DIRECTIONS FOR THIS TASK:
Go to the line holding "La Ronde door Auguste Rodin" in the data below. Return it and each line after it through the last, exactly, and skip the pictures.
□ □ □ □ □
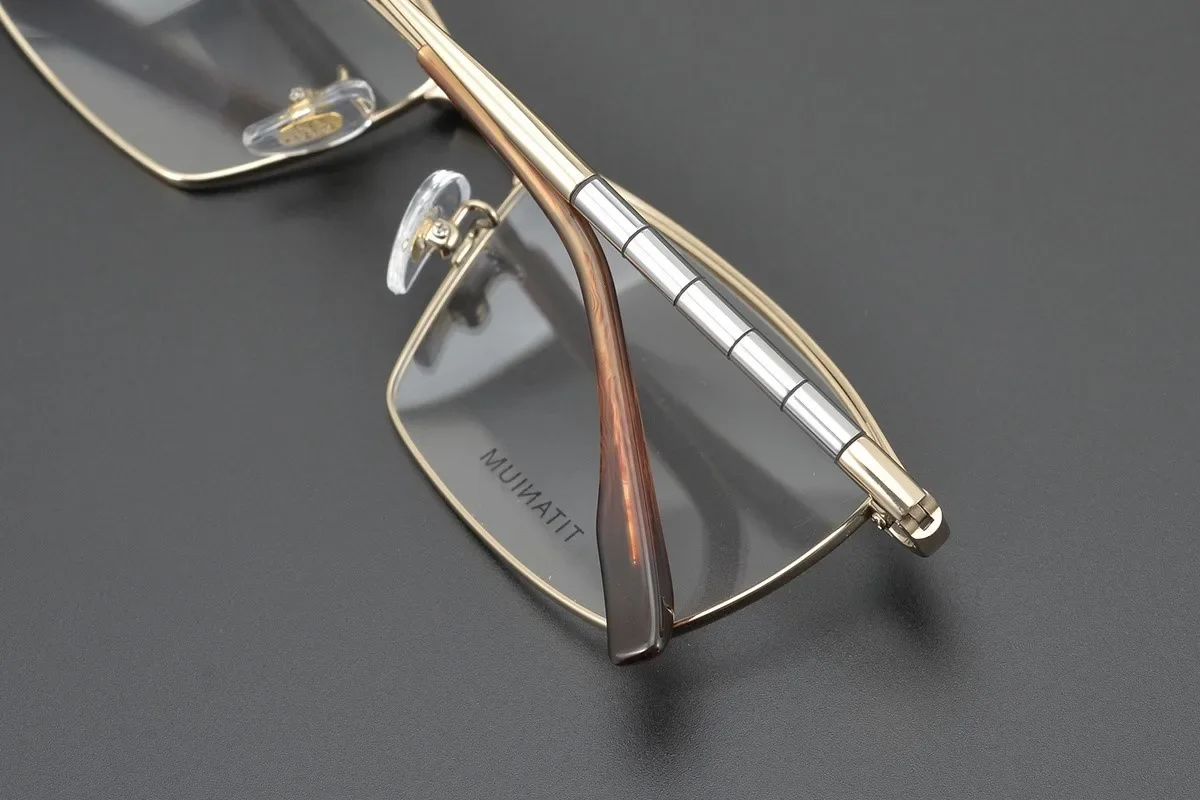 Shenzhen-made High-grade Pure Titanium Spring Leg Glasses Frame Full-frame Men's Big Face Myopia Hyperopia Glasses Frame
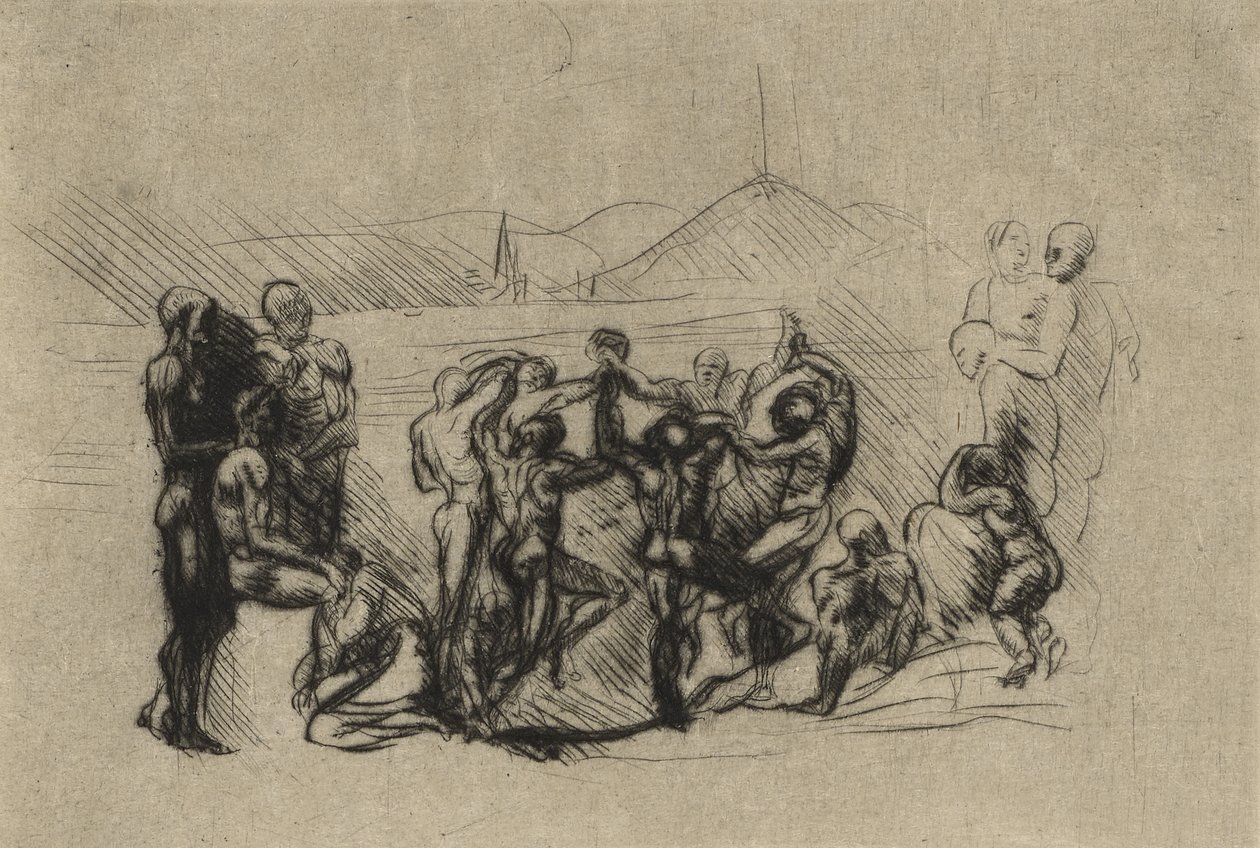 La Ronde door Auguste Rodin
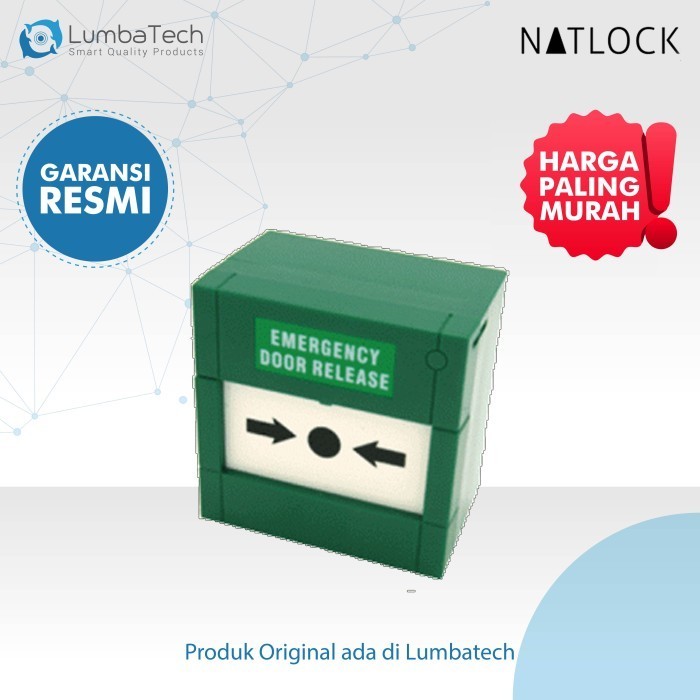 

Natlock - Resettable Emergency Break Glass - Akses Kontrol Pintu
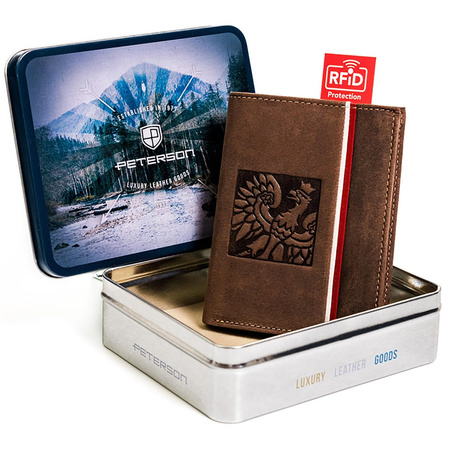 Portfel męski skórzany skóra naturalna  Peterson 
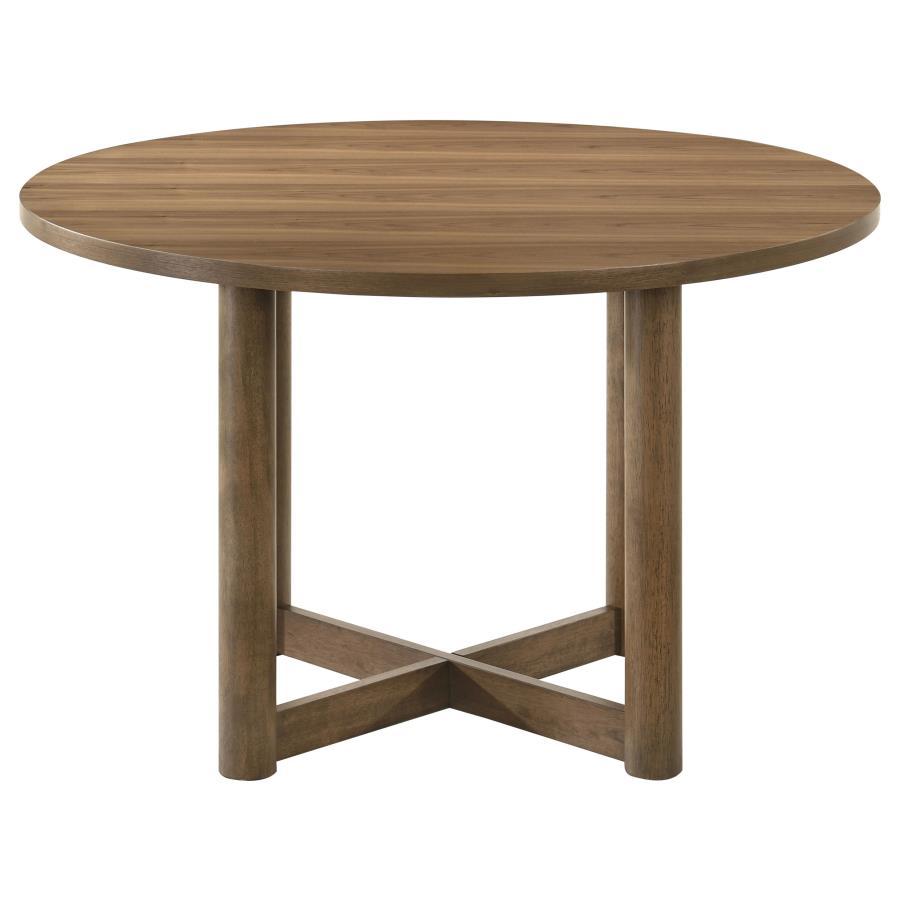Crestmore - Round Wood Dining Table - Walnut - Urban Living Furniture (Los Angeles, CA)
□ □ □ □ □
EXERCISE OUTPUT:
 La Ronde door Auguste Rodin

Natlock - Resettable Emergency Break Glass - Akses Kontrol Pintu
 Portfel męski skórzany skóra naturalna  Peterson 
Crestmore - Round Wood Dining Table - Walnut - Urban Living Furniture (Los Angeles, CA)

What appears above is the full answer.